今年も兵庫県立西宮今津高校において、人類進化の舞台としてのアフリカについて講義を行いました。最初に概要として、巨大な大陸であるが人口は意外に少ないこと、さまざまな理由からサハラ以北と以南に分けられること、大陸内には砂漠から熱帯雨林まで多様な環境が存在すること、多様な環境に応じて、そこに住む人々の生業もまた多様であることなどをお話ししました。

次に、人類の進化700万年の経過を過去から現在に向けて説明しました。ヒトの進化の出発点は、チンパンジー・ボノボとの共通祖先から枝分かれした約700万年前であり、その場所はアフリカであったこと、その後、約200万年前に初めてヒトの祖先がアフリカを飛び出し、ユーラシアに分布を広げたこと、同様の「アウト・オブ・アフリカ」がその後何度も繰り返し、私たちの直接の祖先が最後にアフリカを旅立ったのがわずか5-10万年前と考えられていることを紹介しました。つまりは、長い人類史の中でアフリカは、最後の 5万年をのぞけば常に「先進国」であったといえるわけです。

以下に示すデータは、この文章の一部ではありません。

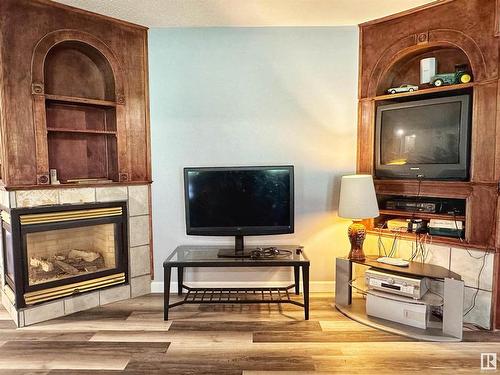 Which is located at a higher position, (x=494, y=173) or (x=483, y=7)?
(x=483, y=7)

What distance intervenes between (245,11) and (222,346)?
2.68 m

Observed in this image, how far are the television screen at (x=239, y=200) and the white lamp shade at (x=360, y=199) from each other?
0.49 m

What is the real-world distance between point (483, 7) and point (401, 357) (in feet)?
8.54

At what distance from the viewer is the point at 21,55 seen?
2.60 m

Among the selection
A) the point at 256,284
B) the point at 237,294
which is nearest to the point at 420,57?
the point at 256,284

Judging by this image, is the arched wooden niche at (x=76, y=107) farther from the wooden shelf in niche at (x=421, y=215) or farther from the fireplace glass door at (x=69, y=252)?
the wooden shelf in niche at (x=421, y=215)

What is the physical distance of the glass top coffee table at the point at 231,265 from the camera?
2727mm

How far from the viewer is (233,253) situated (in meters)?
2.95

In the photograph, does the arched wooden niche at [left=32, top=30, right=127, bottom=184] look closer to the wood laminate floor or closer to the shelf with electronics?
the wood laminate floor

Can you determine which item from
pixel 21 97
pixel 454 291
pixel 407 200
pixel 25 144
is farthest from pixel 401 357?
pixel 21 97

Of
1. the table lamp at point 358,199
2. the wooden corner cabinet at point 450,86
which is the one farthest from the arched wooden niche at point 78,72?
the wooden corner cabinet at point 450,86

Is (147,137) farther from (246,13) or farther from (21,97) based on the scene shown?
(246,13)

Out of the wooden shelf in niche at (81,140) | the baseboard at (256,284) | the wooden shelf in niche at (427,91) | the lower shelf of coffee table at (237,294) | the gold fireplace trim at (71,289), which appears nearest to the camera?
the wooden shelf in niche at (427,91)

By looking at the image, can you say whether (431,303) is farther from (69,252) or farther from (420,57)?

また、上記の人類進化史を現在からさかのぼってみれば、私たちから「わずか」2000世代さかのぼるだけで、最後の重要な「アウト・オブ・アフリカ」にまでたどり着きます。私たちは(また、現在世界中に住むすべての人たちは)、5万年前はアフリカに住むアフリカ人だったというわけです。

日頃ふれることの少ないアフリカについて、なんだかちょっとおもしろそうだな、という印象を持ってもらえたとしたら幸いです。